PreparationFor cake: Preheat oven to 350°F. Coat a large rimmed baking sheet (17x13x1") with nonstick spray. Line bottom with a large sheet of parchment paper. Whisk flour, baking powder, and salt in a medium bowl to blend; set aside. Using an electric mixer, beat egg whites on medium-high speed in a large bowl until light and frothy, 1-2 minutes. Increase speed to high; add cream of tartar. With mixer running, gradually add sugar. Beat until meringue is soft and pillowy, is tripled in volume, and medium peaks form, 8-10 minutes. Using a spatula, gently fold dry ingredients into meringue, being careful not to deflate. Once flour is almost incorporated, fold in butter, oil, and vanilla; continue folding until no dry clumps of flour remain. Pour batter into prepared sheet; smooth top. Bake until cake is light golden brown and springs back slightly when pressed, 16-19 minutes. Transfer to a wire rack and let cool in pan for 15 minutes. Invert cake onto rack; peel off paper and let cool completely. Using a serrated knife, halve cake crosswise into 2 smaller rectangles. Cover and freeze at least 1 hour or up to 5 days ahead. For filling and assembly: Place 1 cake rectangle on a large platter or cake stand. Spread 1/2 cup ice cream evenly over cake. Sprinkle crushed cookies evenly over. Spread remaining ice cream over, being careful to keep cookie layer evenly intact. Top with remaining cake rectangle, pressing slightly to adhere. Using an offset spatula, smooth sides of cake. Freeze until ice cream is firm, about 2 hours. Place 2 tablespoons cold water into a small heatproof glass or metal bowl. Sprinkle gelatin over; let soften, about 10 minutes. Pour water to a depth of 1/2" into a small skillet set over medium heat. Transfer bowl with gelatin to skillet; stir until gelatin dissolves, about 2 minutes. Remove bowl from skillet.

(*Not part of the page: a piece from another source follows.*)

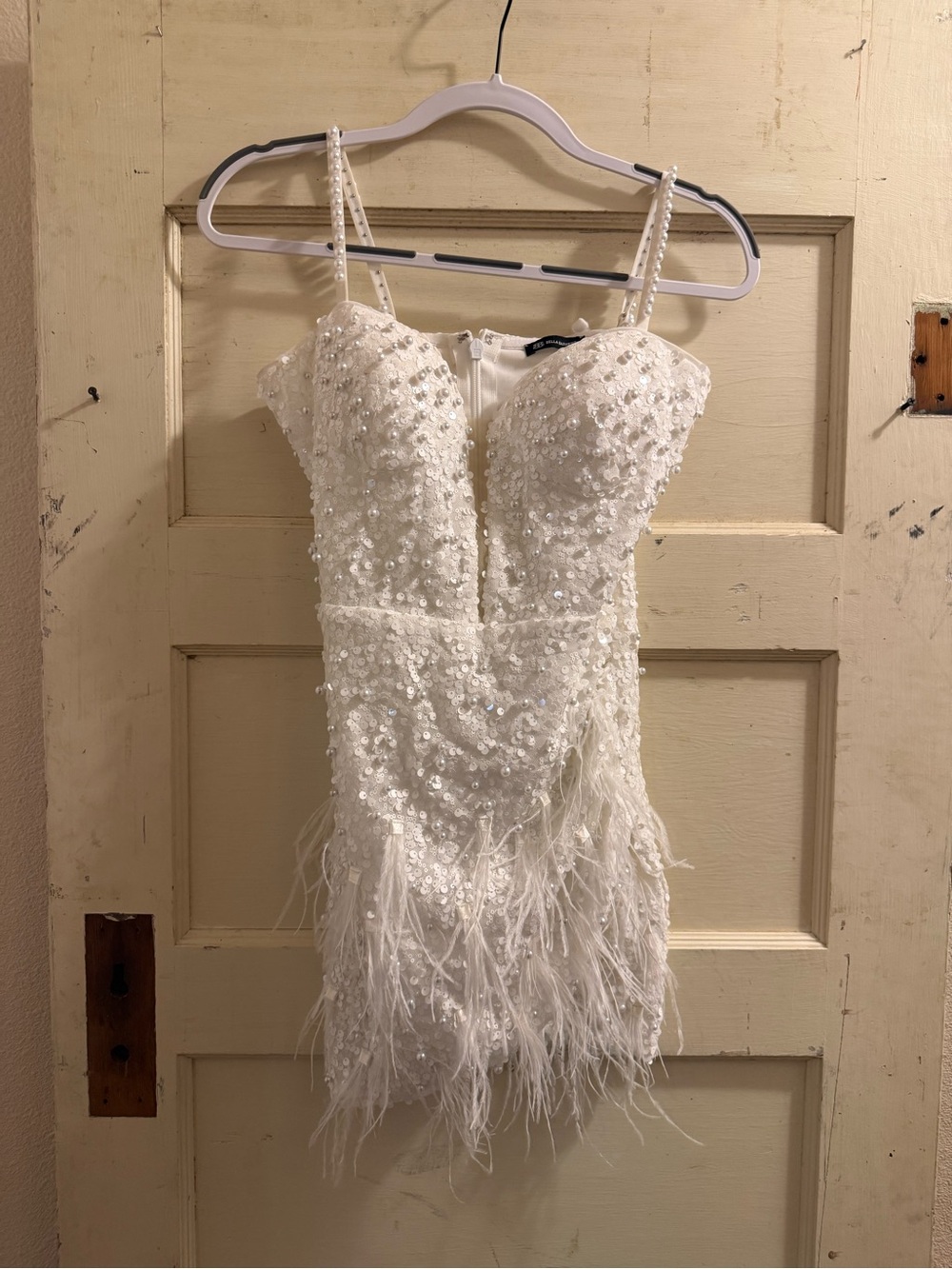 Bella Barnett White Sequin Pearl Feather Mini Dress Size Small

Place chilled cream in a large bowl. Using an electric mixer, beat cream while gradually adding melted gelatin. Beat until soft peaks form. Add powdered sugar and continue to beat until medium peaks form and whipped cream is soft and pillowy (not stiff or grainy). Add green food coloring to achieve a light mint-green hue, 8-10 drops; fold to blend. Using an offset spatula, spread whipped cream over entire cake, creating dramatic swirls on top. Scatter sprinkles over. Freeze until cream is set, at least 1 hour. DO AHEAD: Cake can be made 2 days ahead. Keep frozen.